Logistic regression analyses showed that mothers in food insecure households were significantly more likely to be obese compared to mothers in food secure households (unadjusted OR = 2.43; 95% CI: 1.54–3.82). This association remained significant (adjusted OR = 1.73; 95% CI: 1.02–2.92), even after adjusting for potential confounding variables, including number of children in the household, mother’s age, crowding index, educational level and employment status of mothers and their spouses. Household income was excluded from the model to avoid multicollinearity, as it was found to be significantly associated with crowding index (chi-square = 22.9, P-value <0.001). In addition, data on the crowding index of households was found to be complete in this study and may have been subject to less risk of reporting bias compared to income, as reported in other studies [4648]. Furthermore, mothers from food insecure households were significantly more likely to have an at-risk WC (unadjusted OR = 1.77; 95% CI: 1.13–2.77). However, this association was no longer statistically significant after adjusting for socio-demographic variables (see Table 5).
Table 5

Association of Obesity with Household Food Insecurity Status Among Mothers in Beirut, Lebanon 2015 (n = 378)

 

Obesity (BMI ≥30 kg/m2)

At-Risk WC (≥80 cm)

OR (95% CI)

OR (95% CI)

Model 1 (Unadjusted)a

 Household food insecurity

  

  Food Secure (Reference)

1.0

1.0

  Food Insecure

2.43 (1.54–3.82)

1.77 (1.13–2.77)

Model 2 (Adjusted)b

 Household food insecurity

  

  Food Secure (Reference)

1.0

1.0

  Food Insecure

1.73 (1.02–2.92)

1.48 (0.87–2.50)

a Model 1 is unadjusted. Crude odds ratios are reported for obesity status (BMI ≥ 30 kg/m2) and at-risk WC (≥80 cm

b Model 2 is adjusted for the following variables (number of children in household, mother’s age, crowding index, spouse’s employment status, mother’s employment status, spouse’s educational level, and mother’s educational level). Adjusted odds ratios are reported for obesity and at-risk WC

Discussion

This is the first study in Lebanon and the MENA region to explore the prevalence and correlates of experience-based HFIS among a representative sample of urban Lebanese households and to examine whether HFIS is associated with the increased risk of obesity and dietary inadequacies among mothers from the study sample. Findings from the present study show that almost 50% of interviewed households reported food insecurity with 42% suffering from moderate to severe food insecurity and 8% living with mild food insecurity. The prevalence of moderate to severe food insecurity among Beirut residents was found to be higher than that reported earlier by rural households in the Bekaa region and another semi-urban Southern Lebanese population (34% and 42%, respectively) [11, 12]. However, comparable food insecurity levels to those reported in Greater Beirut area were observed among urban communities within LMICs with rates ranging between 34.4% in Ho Chi Min City, Vietnam [49] to 74.6% in an urban area in Tamil Nadu, India [50] and 81% among urban households in Quito, the 2nd largest city in Ecuador [51].
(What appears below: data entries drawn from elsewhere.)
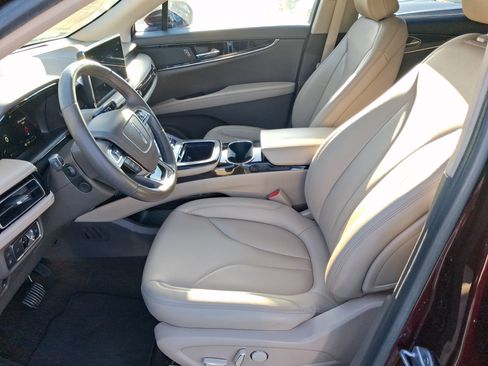 Certified 2022 Lincoln Nautilus FWD w/ Premium Package image 12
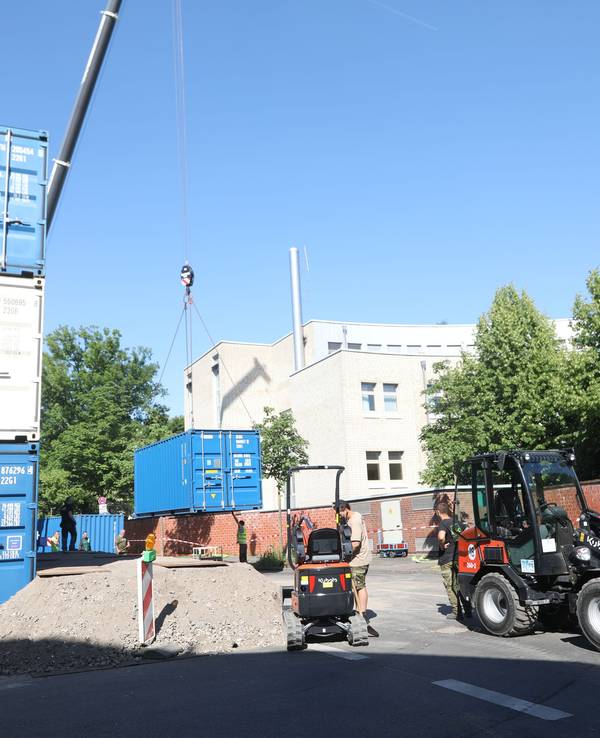 Vor der Entschärfung eines Blindgängers in Lindenthal am 20. Mai 2025 wurden Container-Schutzwände aufgestellt.
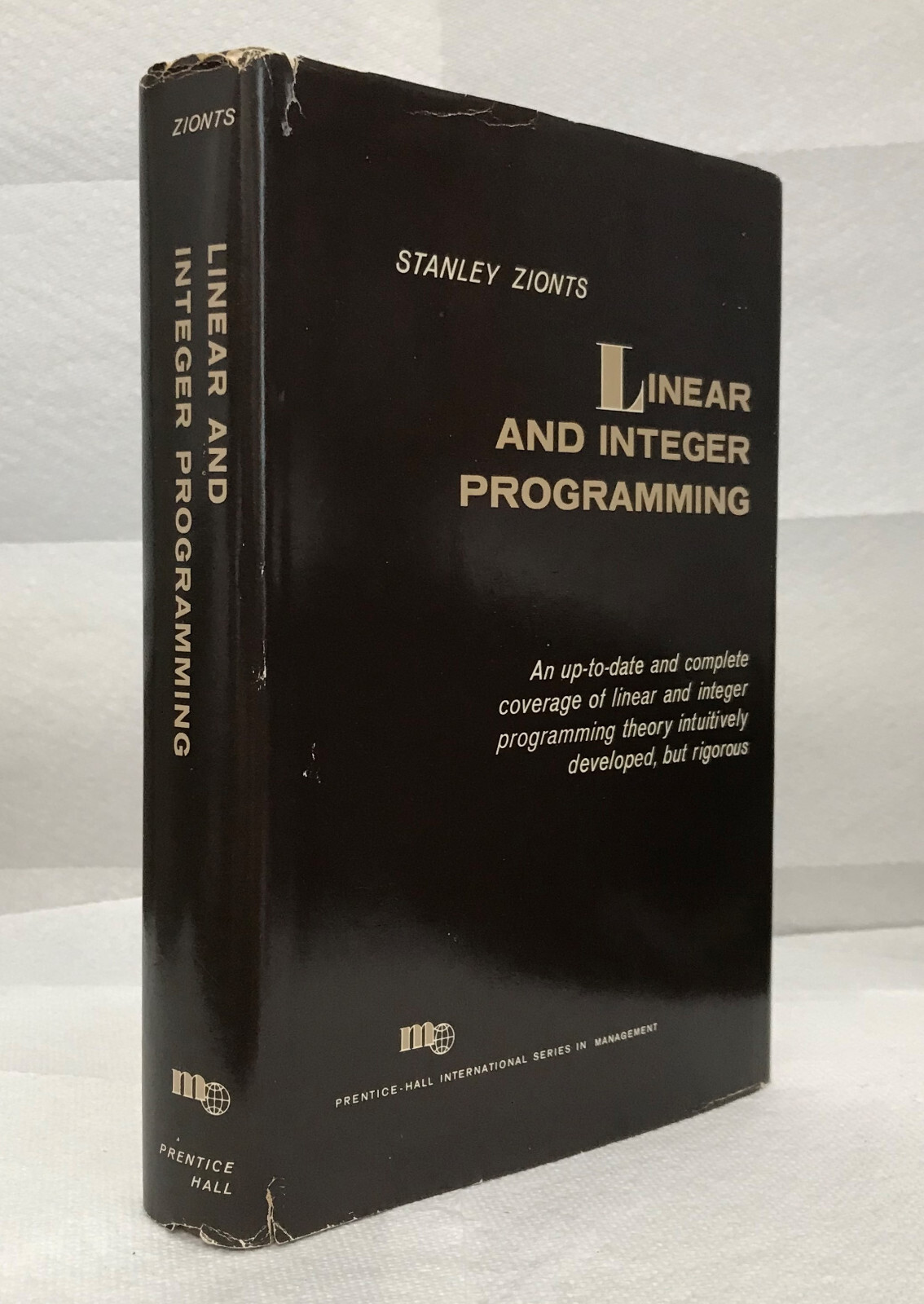 Linear Integer Programming, S. Zionts. Prentice-Hall 1974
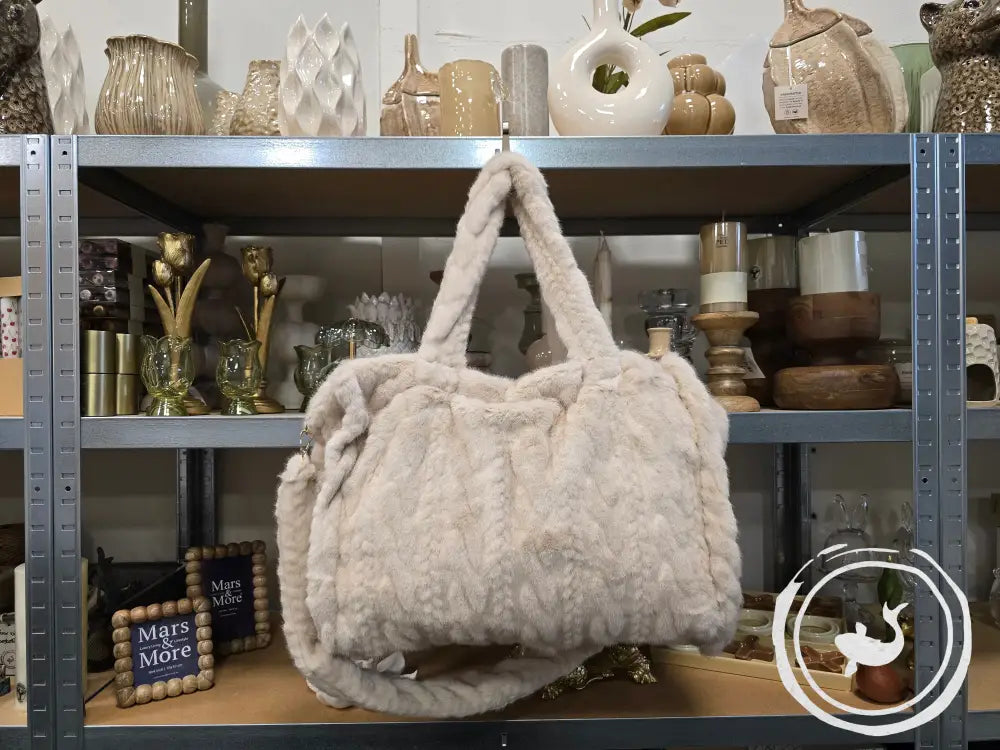 INTERIEURDINGETJES Big Faux Fur Shopper met Kabelpatroon - Beige of Bruin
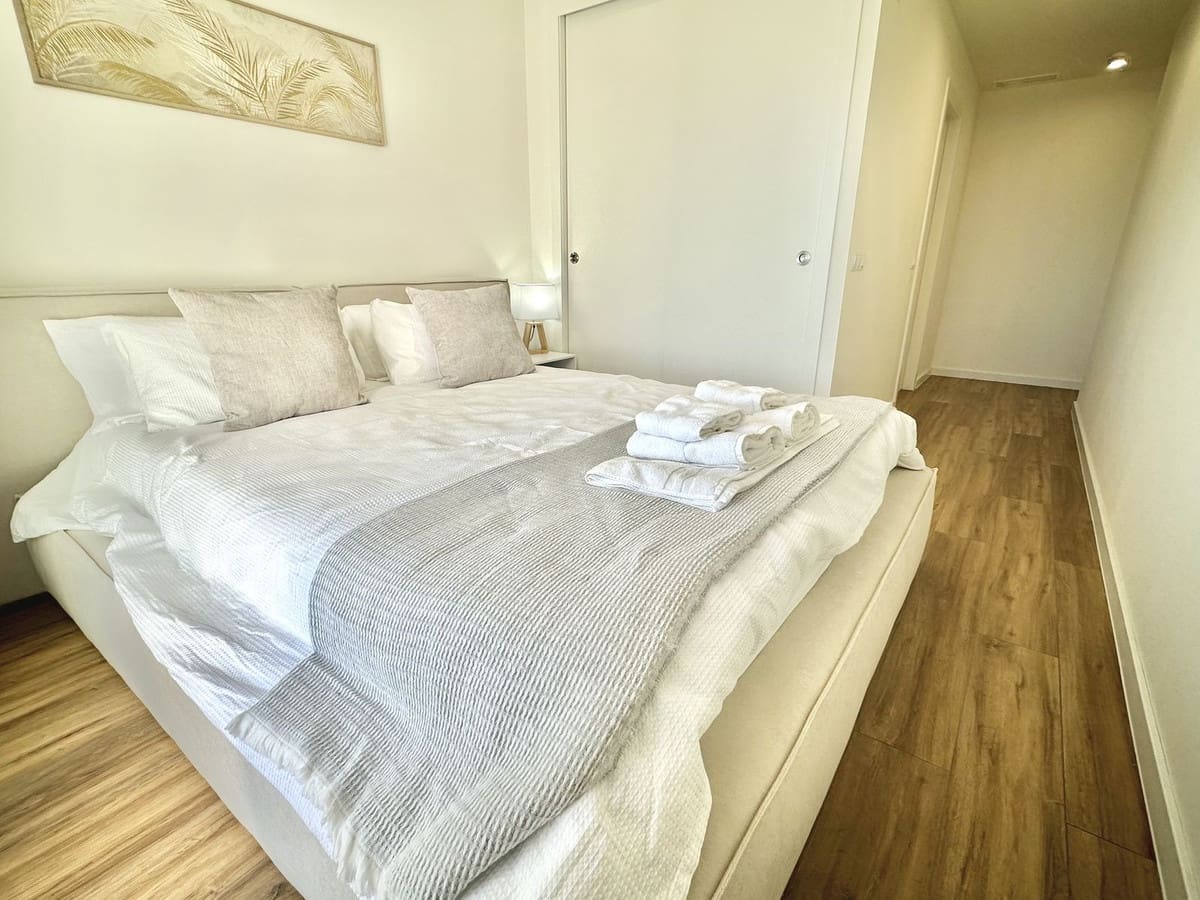 3 Zimmer Ferienapartment in Estepona mit Pool - 1.000 € (Ref: 9733439)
Food insecurity was historically considered a rural phenomenon, particularly in LMICs [52]. However, recent studies report that urbanisation may contribute to food and nutrition insecurity, particularly in cash-based economies where urban and suburban households are primarily dependent on a stable access to income to ensure their health and well-being [53]. In Lebanon, the urban expansion has been witnessed in all of its major cities including Beirut, the capital of the country, with 98% of its total area reported to be urbanised [54]. This urban sprawl has lead over the years to overpopulation and transformed open spaces within certain suburbs of the city into large slums that worsened the living conditions and increased poverty rates among many of its residents [55]. Concomitantly, urbanisation has been linked to major shifts in the food landscape and to changes in food consumption, physical activity and other lifestyle behaviors of adults and children. These changes, also known as the nutrition transition, are associated with increasing rates of overweight and obesity and to heightened risk of developing chronic diseases [56, 57].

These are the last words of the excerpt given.